Der Weg ist schön, der Ginster blüht gelb, das Heidekraut dunkelrot. Schon nach einer Stunde taucht eine Bar auf. Der Versuchung eines Café con leche kann ich nicht widerstehen. Wieder sehe ich die anderen Pilger vorüberziehen. Heute nehmen sie mir nicht mein Bett weg, denn ich bin zum ursprünglichen Entschluss zurückgekehrt, erst nach Muxía zu gehen. Auch die nächste Bar um Viertel vor zehn lasse ich nicht aus. Das Wetter ist wirklich trübe. Mein Tacho mahnt, dass ich erst sechs Kilometer vorzuweisen habe. Doch der Tag ist ja noch jung. Die Leute in diesem Café sind sehr geschäftstüchtig. Jeder Pilger wird darauf hingewiesen, dass es 15 Kilometer bis zur nächsten Bar sind. Obst und Bocadillos werden angepriesen. Als ich erkläre, dass ich nach Muxía gehe, verzichtet man auf weitere Akquise. Ich schließe daraus, dass es bald wieder einen Café con leche für mich geben wird. Bei Kilometerstein 10,9 ist es dann auch soweit. Die weitere Strecke ist schön und kaum ein Pilger ist hier unterwegs. Es hat sogar aufgehört zu regnen. Dafür schimpft mein Magen. Also gibt es in der nächsten Bar eine Cola. Mal sehen, ob das Gerücht stimmt, dass die bei solchen Problemen hilft. Es sollen jetzt bis Muxía noch ungefähr 16 Kilometer sein. Die werde ich in aller Ruhe gehen und meinem Magen Zeit geben, sich zu erholen. Die hat er auf einem schönen Waldweg auch. Als ich den Meilenstein 11,9 passiere, taucht ein Ort auf und eine orangefarbene Markise verheißt eine weitere Pause. Meinen Magen belaste ich mit Pinchos und einer weiteren Cola. Es ist jetzt kurz nach zwei, bei meinem heutigen Schneckentempo werde ich also erst gegen 18:00 Uhr in Muxía sein.
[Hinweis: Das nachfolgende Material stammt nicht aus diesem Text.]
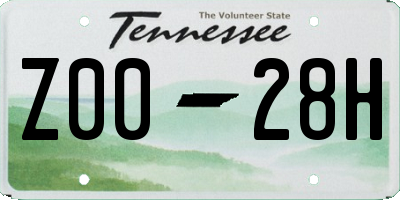 TN license plate Z0028H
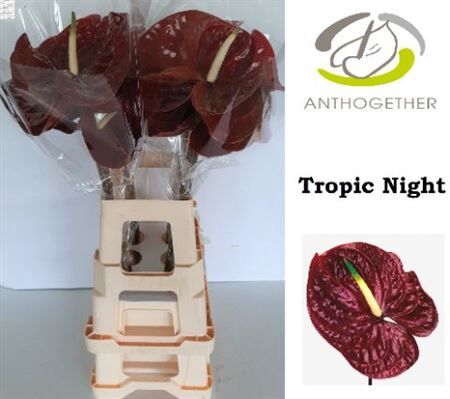 Anth A Tropic Night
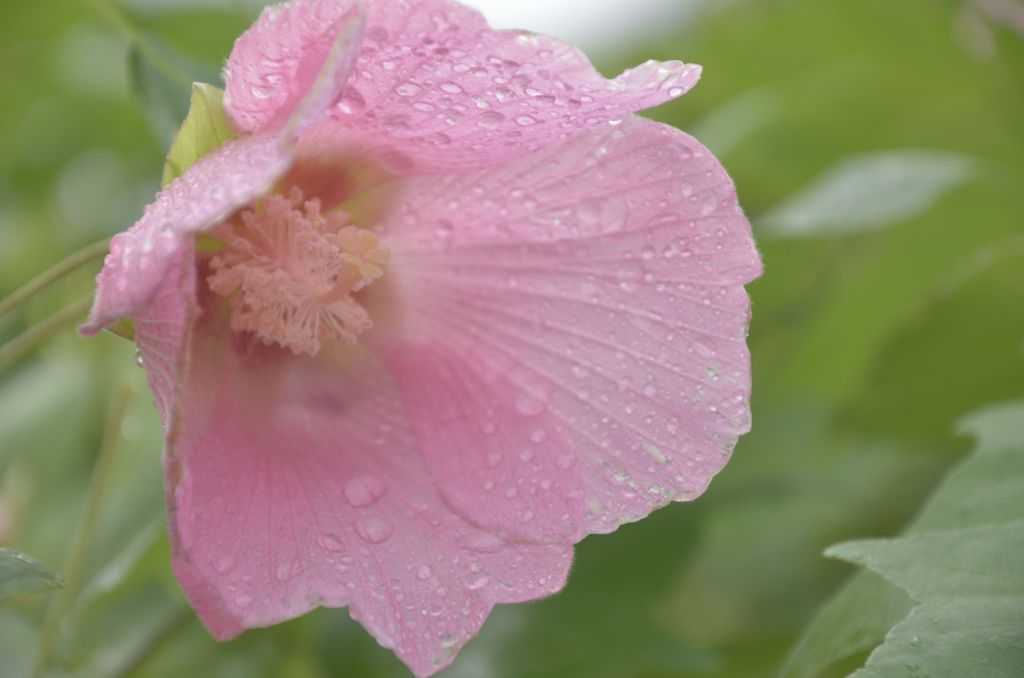 雨露と花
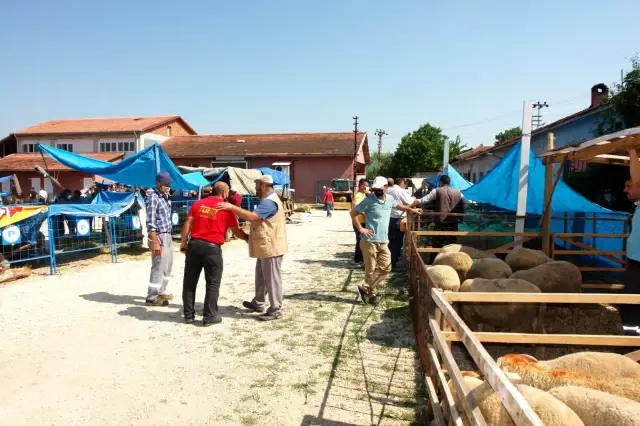 Pazaryeri'nde küçükbaş kurbanlıklar elde kaldı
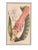 LeMaire Paris Walter Hood Fitch and Louis Van Houte 19th Century Botanical Print For Sale - Image 4 of 9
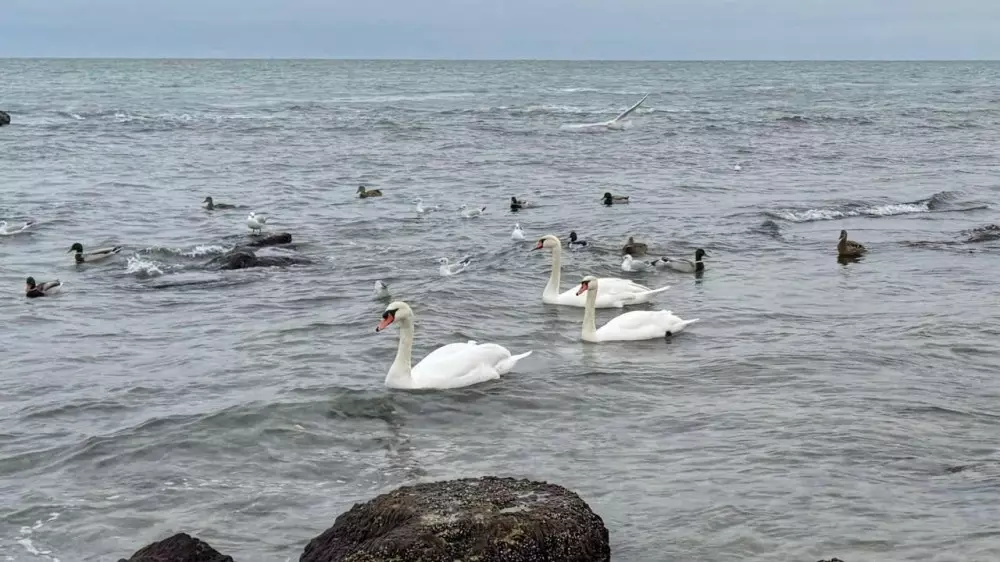 “Лебеди в декабре“: неожиданное видео на берегу Каспия удивило казахстанцев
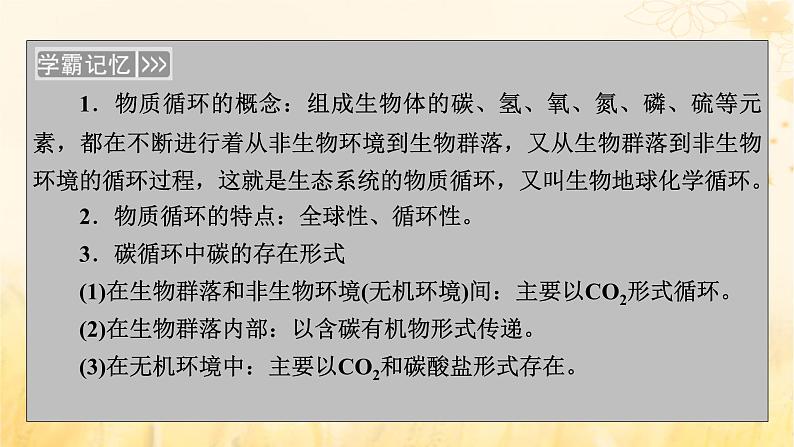 新教材适用2023_2024学年高中生物第3章生态系统及其稳定性第3节生态系统的物质循环课件新人教版选择性必修204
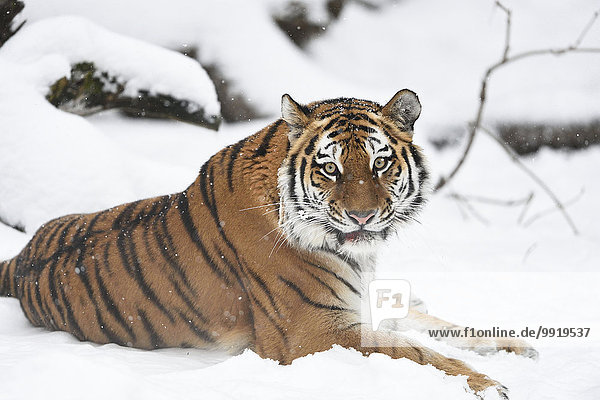 Raubkatze Tiger Panthera tigris Portrait Winter Deutschland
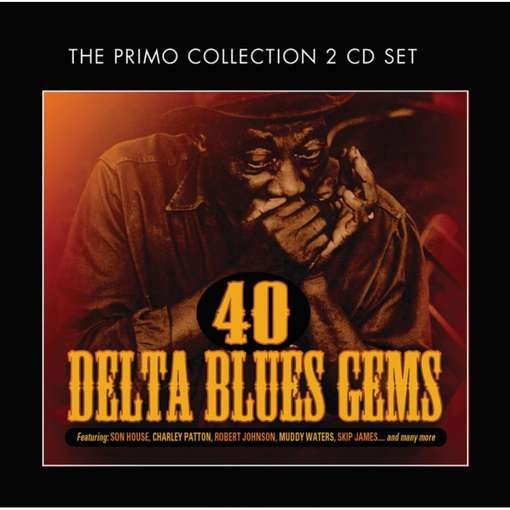 40 Delta Blues Gems - Various Artists - Musik - BLUES - 0805520091343 - 14. maj 2012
Doch da habe ich mich verrechnet. Um 16:30 Uhr stehe ich an der Rezeption der Herberge. Hier erhalte ich die Muxía, meine zweite Pilgerurkunde auf diesem Camino. Das Pflichtprogramm fällt größer aus, denn gestern war ich zu faul zum Waschen. Während ich meine Tee koche, kommt noch eine weitere Pilgerin in die Küche. Nach einer Viertelstunde kenne ich einige ihrer Krankengeschichten. Ich ziehe mich höflich zurück und mache mich auf in den Ort.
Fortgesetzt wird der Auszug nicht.